Avec l’avènement du régime impérial, la question prit une importance redoublée. Le mauvais empereur, tel que le décrivent notamment Tacite, Sénèque ou Suétone dans leurs biographies impériales, est affublé de tous les défauts moraux et physiques, calvitie incluse. Caligula (37-41), qui mourut pourtant à 28 ans, aurait été chauve, en parfait tyran coupable de tous les excès possibles. À l’inverse, le bon prince est soit chevelu comme de juste, soit suffisamment âgé, et qui plus est capable d’une certaine autodérision en matière capillaire. Le vieux et très modéré Vespasien (69-79), à qui l’on annonçait l’apparition d’une comète de mauvais augure, répondit que le signe n’était pas pour lui, mais pour son ennemi le roi des Parthes qui, lui, arborait encore une chevelure analogue à celle du phénomène céleste.

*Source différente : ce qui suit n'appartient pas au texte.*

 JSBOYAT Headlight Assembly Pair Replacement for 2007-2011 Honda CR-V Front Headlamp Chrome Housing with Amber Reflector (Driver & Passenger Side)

En revenant deux millénaires en arrière, Robinson Baudry et Caroline Husquin mènent une réflexion à la fois légère et sérieuse, sur l’objet bien historique qu’ils se sont donné. L’ouvrage est clair, rigoureux et bien étayé en sources et citations. On ne peut guère lui reprocher que de manquer d’illustrations et de s’être contenté de décrire des représentations figurées, dont on aimerait parfois un aperçu et un commentaire plus détaillé.
On en retient finalement l’apparente ressemblance entre le rejet des Romains et le nôtre pour un trait physique, qui est pourtant inévitable pour une majorité d’hommes. Mais il faut aussi retenir que des effets analogues sont ici produits par des causes différentes. Postiches antiques et perruques modernes dissimulaient bien une même tare physique, mais pas les mêmes « défauts » dont elle était le signe. En témoigne notamment l’association romaine du chauve à l’efféminé, trop mou et froid pour nourrir une chevelure virile, à rebours de nos figures modernes chez qui la calvitie constitue plutôt une rupture avec la féminité.
Preuve que, si certains préjugés négatifs ont la vie dure, ils ne se fondent pas éternellement sur les mêmes raisonnements spécieux et savent se réinventer au gré des changements culturels, sociaux ou scientifiques. Nul besoin d’être chauve pour en connaître des exemples, hier comme aujourd’hui.